The basic idea of the approach to translate the qualitative characteristics of social capital into quantitative properties is given with the number of face-to-face meeting opportunities. Though we are aware of the fact that the creation and continuation of social relations today are significantly influenced, or even determined, by social media technologies occupying virtual spaces, we are convinced that meeting opportunities of physically present people also have a strong impact on the process of tying relationships between them. The purpose of investigating networking mechanisms is, therefore, threefold: first, the geosimulation model simulates processes that represent the evolution of a large(r) network derived from a finite number of small(er) team networks. This evolution is thought to represent an increase of network connections, that is, an increase of social capital. Second, the model seeks to carve out the statistical meaning of our core variable number of face-to-face meeting opportunitiesas a latent variable that points to one condition of creating and allocating social capital. Third, since face-to-face communication takes place in physical space, the geosimulation model is used to analyze potential theoretical relationships between a network-based and a place-based geography.

With respect to our interest of studying networking mechanisms, we argue that the evolution toward a large connected network contributes to overcoming isolated and fragmented efforts toward a common goal. Achieving synergies through effective trans-local knowledge transfer is a goal that has been investigated in (social) network analysis for some time [29, 30, 31]. In this respect, agent-based simulation is an appropriate method to explore the underlying processes that lead to these networking mechanisms [32].

As a first step of this investigation, we selected and then adapted to our own needs a theoretical reference model developed by Guimera et al. [33] and made available as a NetLogo model by Bakshy and Wilensky [34]. The question raised ([33], p. 699) remains evident to some degree in our context too: “Is there a large connected cluster comprising most of the agents or is the network composed of numerous smaller clusters?” The ideal size does not necessarily correspond simply to exactly one all-encompassing network: “Successful teams evolve toward a size that is large enough to enable specialization and effective division of labor among teammates but small enough to avoid overwhelming costs of group coordination” ([33], p. 697). Where our empirical research is concerned, we are less interested in economic costs than in the creation of sustainable social interactions.

These assumptions are taken as relevant premises for networking mechanisms. In so doing, our focus shifts to the parameters that influence or determine the construction of large(r) social networks that are initially small and more or less isolated due to the design of the social project. These mechanisms are understood as operators of translating social capital into quantitative units. The parameters used can be divided into three general domains: (i) actor-based parameters, (ii) linkage-based parameters and (iii) place-based parameters.
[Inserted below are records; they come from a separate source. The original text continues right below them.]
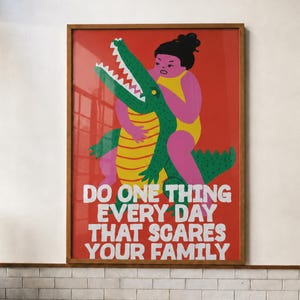 Puede incluir: Un cuadro rectangular enmarcado con fondo rojo que presenta una ilustraci&oacute;n gr&aacute;fica de una persona en traje de ba&ntilde;o amarillo abrazando a un cocodrilo verde. El texto dice: DO ONE THING EVERY DAY THAT SCARES YOUR FAMILY en letras blancas negritas.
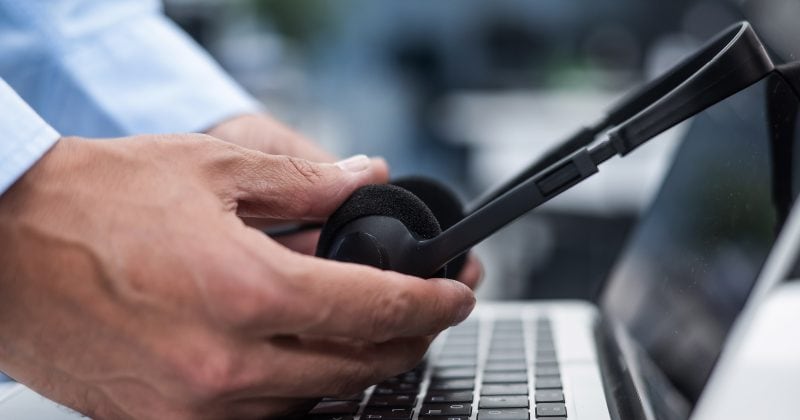 A person places a black customer service headset on a laptop keyboard, with one hand holding the headset and the other on the laptop. The background is blurred.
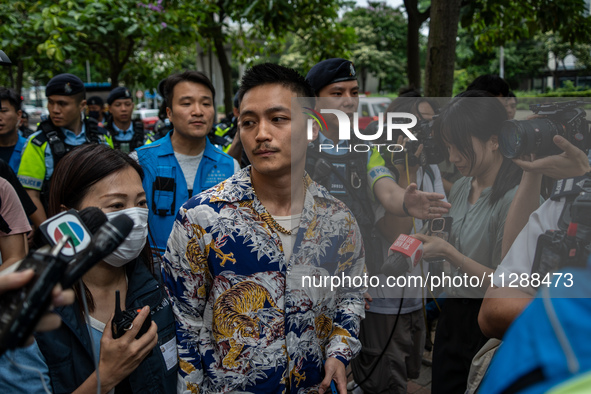 Lee Yue-shun is leaving the courthouse where the verdict of the trial of the 47 Pro-democracy figures is being handed out in Hong Kong, Chin...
4.2. The empirical case studies

The empirical case studies for which an agent-based simulation model was constructed, one which relies theoretically on the prototype model, derives from an Austrian social project entitled “Keep the Ball Rolling.” This project aims to enhance social well-being at a regional level by encouraging the local population to put into practice ideas that they are convinced are relevant. Individuals or small teams are called to submit project proposals that help reduce social injustice and promote social cohesion. Successful teams are awarded a grant to fund their projects, and in addition receive organizational support. The project started in the Lungau region (Salzburg) in 2011 and was taken up by Steirische Eisenstrasse (Styria), Mühlviertler Alm (Upper Austria), and Mostviertel Mitte (Lower Austria) regions [35, 36]. The empirical data used for the following simulation models are from the Styrian and Upper Austrian regions.
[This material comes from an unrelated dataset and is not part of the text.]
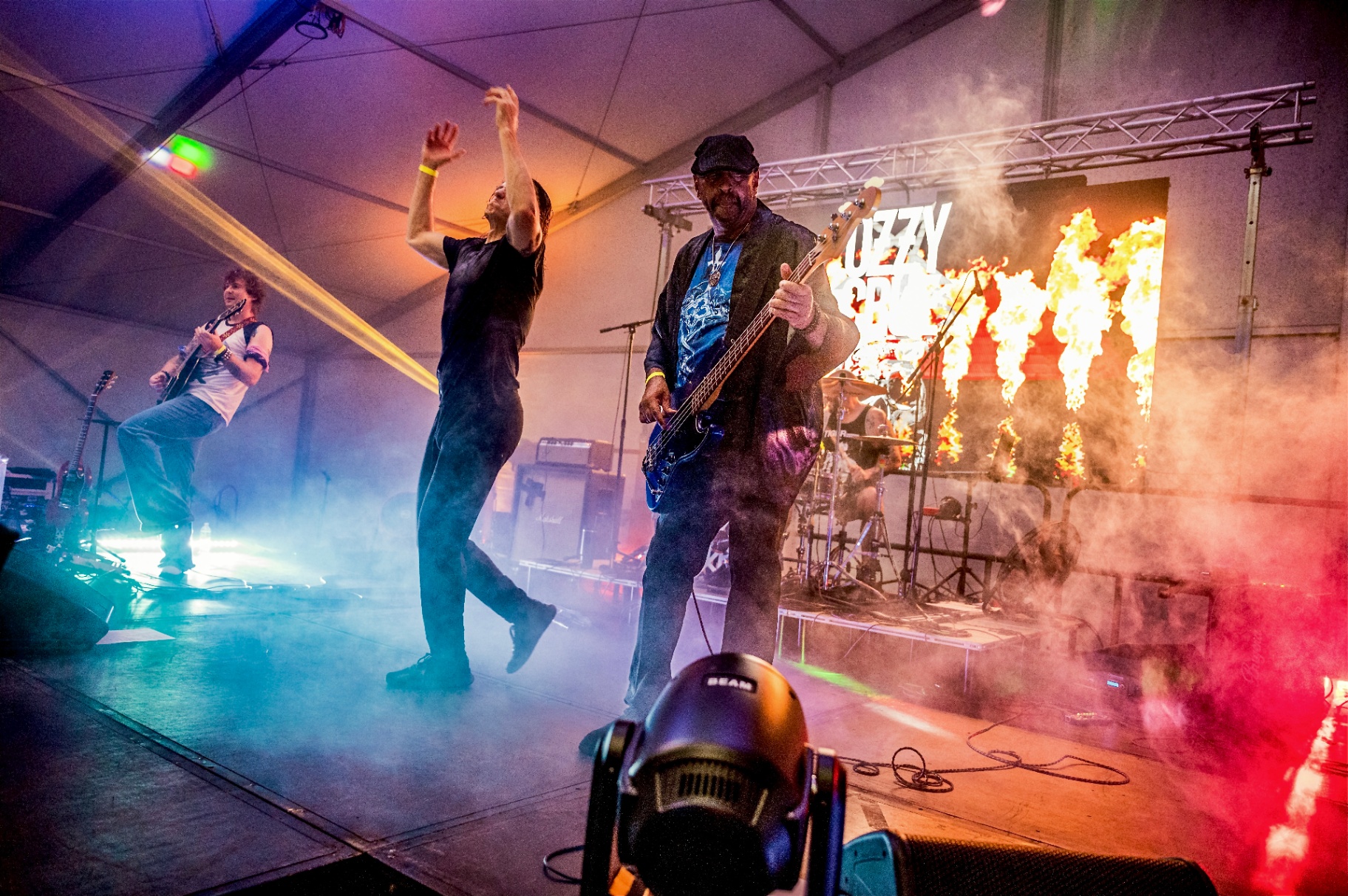 Live band performing on a fog-filled festival stage with pyrotechnics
The project proposals are presented by the teams at three jury meetings. The successful candidates must implement their projects within 18 months. Every jury session is followed by a public celebration where the successful projects are presented. Because the implementation of a project is supported scientifically by a team of researchers for the duration of the project, several further meetings, ranging from small informal meetings to larger stakeholder workshops, are offered. Every team leader is invited to participate in a semi-standardized questionnaire designed to obtain knowledge about the project team in terms of its size and composition.

The analysis is concerned with how the number of such meetings (1) determines the team assembly mechanisms, (2) correlates with other determinants and (3) correlates with a place-based geography.

4.3. The model design

In order to analyze the development of collaborative socio-spatial network structures of initially small(er) and unconnected teams in two Austrian regions, a simulation model was constructed that includes some of the general ideas of the original model [33]. However, there are a number of major differences between our model and the original one: (1) The number of teams is initialized at three time steps and not stepwise; with this adaptation, we represent the selection process of successful teams. (2) Teams can vary in size. (3) Teams can also vary in network structure, while the original model only allows the implementation of teams of three actors that are fully connected, the “Keep-The-Ball-Rolling” project does not have such restrictions. (4) Individual agents (and not only teams of three agents) are inserted as new potential collaborators; this feature will play a crucial role in the future modelling process when data sets are available that will be collected approximately 2 years after the official end of the social project (data for the Mühlviertler Alm region are currently missing, while data for the Steirische Eisenstrasse are not yet fully edited). Therefore, we do not refer to this characteristic of the model in this paper. (5) The original teams can be merged, either by a team leader (i.e., the leader of a project team) or by a team member (which is not possible in the reference model) who is selected stochastically for a new connection. This adaptation was implemented due to the nature of events that are realized during the different types of project meetings which can consist of stakeholder workshops, project presentations and informal meetings, as well as ad hocassistance from the staff of the regional offices. Although we do not consider these different event properties explicitly, they remain important to justify the “connecting role” of both agent types, that is, team leaders and team members. The original model takes only team leaders as connectors into account.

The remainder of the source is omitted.